Shay and Chris Ruffin
21NINETY: Can you tell me about the moment you both met?
CHRIS RUFFIN: I reached out to Shay about selling shirts. Both of us are journalists, but I have always had an entrepreneurial endeavor. She didn’t reach back out. The next time I DM’d her I saw she moved to Columbia, South Carolina. I was in Charlotte and invited her to lunch. From there, it went nowhere. A few months later, one of my friends had a boat party in Charlotte on the lake. She DM’d me. From there, we started talking back and forth about going to the lake at some point.
She eventually gave me her number, and I started FaceTiming her out of nowhere. She came up to Charlotte and we went on a date. That happened in July 2019, and we officially started dating in September 2019. We did two years long distance and married in October 2023.
21N: How has your relationship grown since first meeting up until now?
SHAY RUFFIN: We had to learn each other. When we first met, we were young and more worried about ourselves. Over time, you learn each other. That’s when you start putting your joint needs over your own needs.

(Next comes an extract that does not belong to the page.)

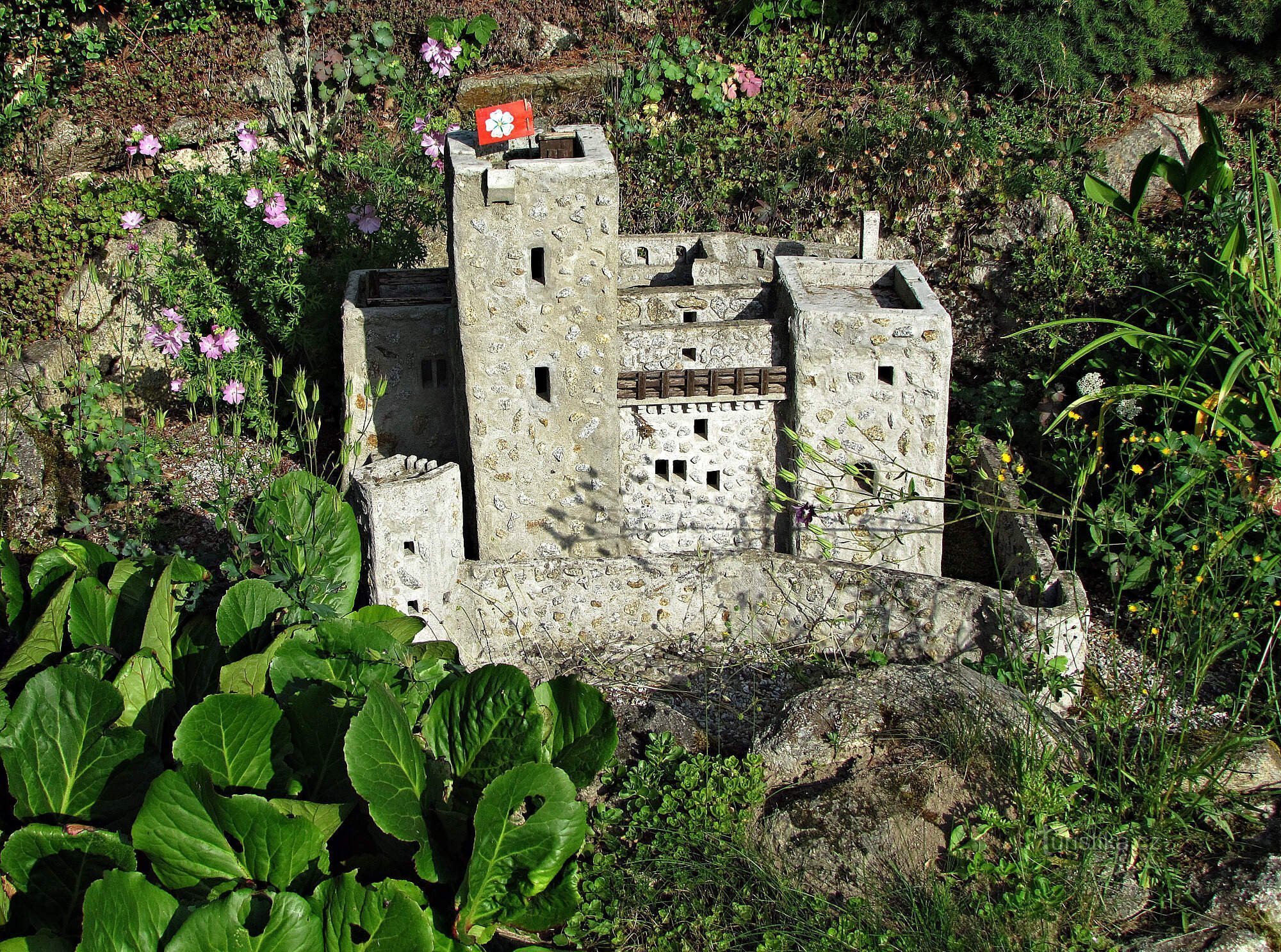 maquette van het kasteel Landštena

CR: We had to learn how to take care of each other. Within that, we had to learn that it’s okay to spend time away from each other. It’s okay for you to go to the gym by yourself if you need to. It’s okay for you to go out at night with your friend once she’s in town. We had to learn how to care for ourselves and each other.
21N: What advice do you have for other newlyweds who recently tied the knot?
CR: Everything works for everybody differently. You’re not going to do the same thing that one couple does. Your finances are not going to look the same way that another couple does. How you run your household isn’t going to look the same way. What works for us may not work for someone else, but it doesn’t hurt to give it a try.
Nimah and Hammad Muhammad
21NINETY: Can you tell me about the moment you both met?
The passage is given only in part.